What: Use two Buffers to implement horizontal and vertical separable Gaussian blur.

Why: A 2D Gaussian kernel can be separated into the product of two 1D kernels. An NxN kernel drops from N² samples to 2N. This is the standard implementation for Bloom, the diffusion term in reaction-diffusion, and various post-processing blurs.

iChannel Binding: Buffer B: iChannel0 → Buffer A (source); Buffer C: iChannel0 → Buffer B (horizontal blur result)

Vertical blur complete code (horizontal version in SKILL.md; vertical version symmetrically replaces the y-axis):

void mainImage(out vec4 fragColor, in vec2 fragCoord) {
    vec2 pixelSize = 1.0 / iResolution.xy;
    vec2 uv = fragCoord * pixelSize;

    float v = pixelSize.y;
    vec4 sum = vec4(0.0);
    sum += texture(iChannel0, fract(vec2(uv.x, uv.y - 4.0*v))) * 0.05;
    sum += texture(iChannel0, fract(vec2(uv.x, uv.y - 3.0*v))) * 0.09;
    sum += texture(iChannel0, fract(vec2(uv.x, uv.y - 2.0*v))) * 0.12;
    sum += texture(iChannel0, fract(vec2(uv.x, uv.y - 1.0*v))) * 0.15;
    sum += texture(iChannel0, fract(vec2(uv.x, uv.y         ))) * 0.16;
    sum += texture(iChannel0, fract(vec2(uv.x, uv.y + 1.0*v))) * 0.15;
    sum += texture(iChannel0, fract(vec2(uv.x, uv.y + 2.0*v))) * 0.12;
    sum += texture(iChannel0, fract(vec2(uv.x, uv.y + 3.0*v))) * 0.09;
    sum += texture(iChannel0, fract(vec2(uv.x, uv.y + 4.0*v))) * 0.05;

    fragColor = vec4(sum.xyz / 0.98, 1.0);
}

9-tap Weight Explanation:

• Weights [0.05, 0.09, 0.12, 0.15, 0.16, 0.15, 0.12, 0.09, 0.05] approximate a Gaussian distribution with sigma≈2.0
• Total sum is 0.98, divided by 0.98 for normalization
• fract() implements wrap addressing

Step 6: Structured State Storage (Texel-Addressed Registers)

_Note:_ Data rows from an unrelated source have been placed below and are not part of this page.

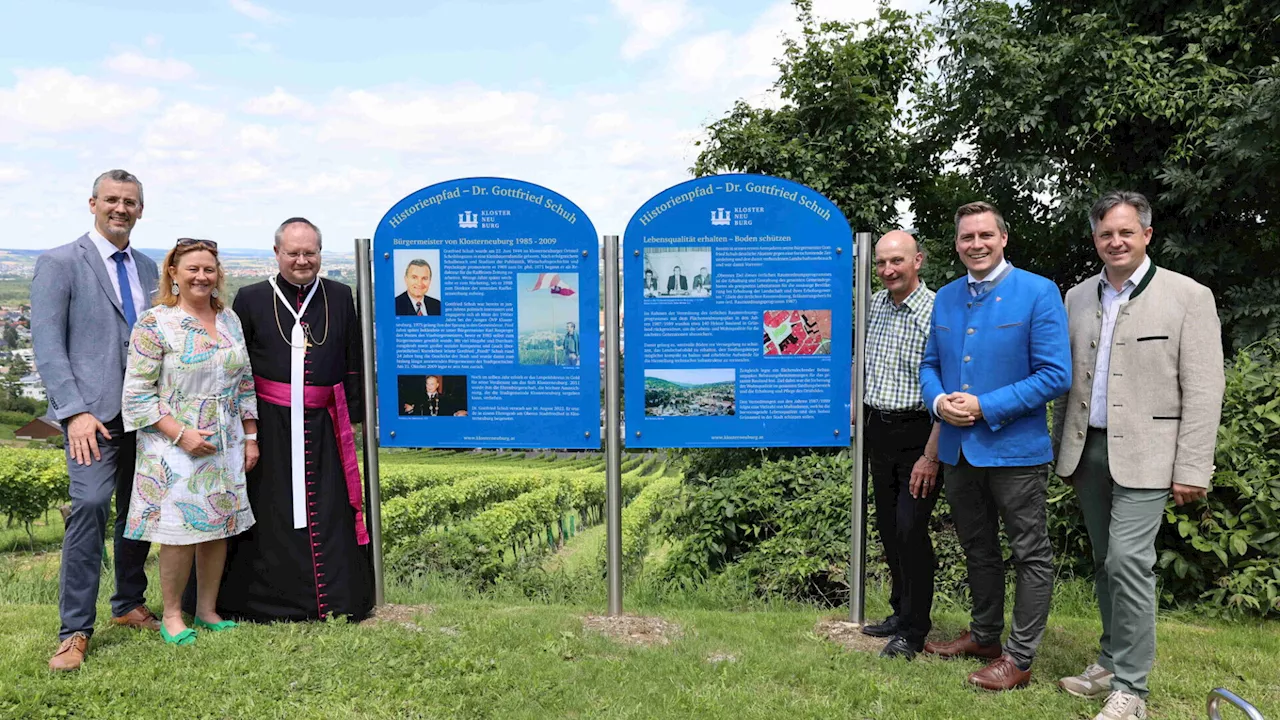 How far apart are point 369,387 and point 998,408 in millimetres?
3371

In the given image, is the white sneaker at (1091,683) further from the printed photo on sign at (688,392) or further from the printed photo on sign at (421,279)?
the printed photo on sign at (421,279)

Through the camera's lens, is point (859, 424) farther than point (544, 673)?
Yes

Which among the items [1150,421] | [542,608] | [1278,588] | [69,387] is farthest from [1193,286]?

What: Use specific pixels in a Buffer as named registers to store non-image data (positions, velocities, scores, etc.).

Why: GPUs have no global variables. By assigning semantic meaning to specific texel positions, arbitrary structured state can be persisted in a buffer. This enables complete game logic, particle system state, etc. to be implemented in shaders.

Design Pattern Details:

1. Address Constants: Use const ivec2 to define the texel address for each state variable
2. Load Function: texelFetch(iChannel0, addr, 0) for exact reads (no interpolation)
3. Store Function: Use conditional assignment fragColor = (px == addr) ? val : fragColor, ensuring each pixel only writes data belonging to its own address
4. Region Storage: ivec4 rect defines rectangular regions for grid-like data (e.g., brick matrices)
5. Discard outside data region: if (fragCoord.x > 14.0 || fragCoord.y > 14.0) discard; skips unnecessary computation

Notes:

• ivec2(fragCoord - 0.5) ensures correct integer texel coordinates (fragCoord's center offset)
• Initialization must set all state values when iFrame == 0
• Default behavior fragColor = loadValue(px) keeps unmodified state unchanged

Step 7: Inter-Frame Mouse State Tracking

What: Store the mouse position in specific pixels of a Buffer, and compute mouse movement delta by reading the previous frame's value.

Why: ShaderToy does not directly provide mouse velocity. Storing the current frame's iMouse in a fixed pixel allows calculating the delta in the next frame. This is critical for fluid interaction — mouse velocity is needed to apply forces.

Comparison of Two Methods:

Feature	Method 1 (First Row Pixel)	Method 2 (Fixed UV Region)
Source	Chimera's Breath	Reaction-Diffusion
Storage Location	fragCoord.y < 1.0	Fixed UV coordinate
Read Method	texelFetch(ch, ivec2(0,0), 0)	texture(ch, vec2(7.5/8, 2.5/8))
Advantage	Simple, suitable for fluids	Resolution-independent
Disadvantage	Occupies the first row of pixels	Requires extra buffer channel

Variant Details

Variant 1: Temporal Accumulation Anti-Aliasing (TAA)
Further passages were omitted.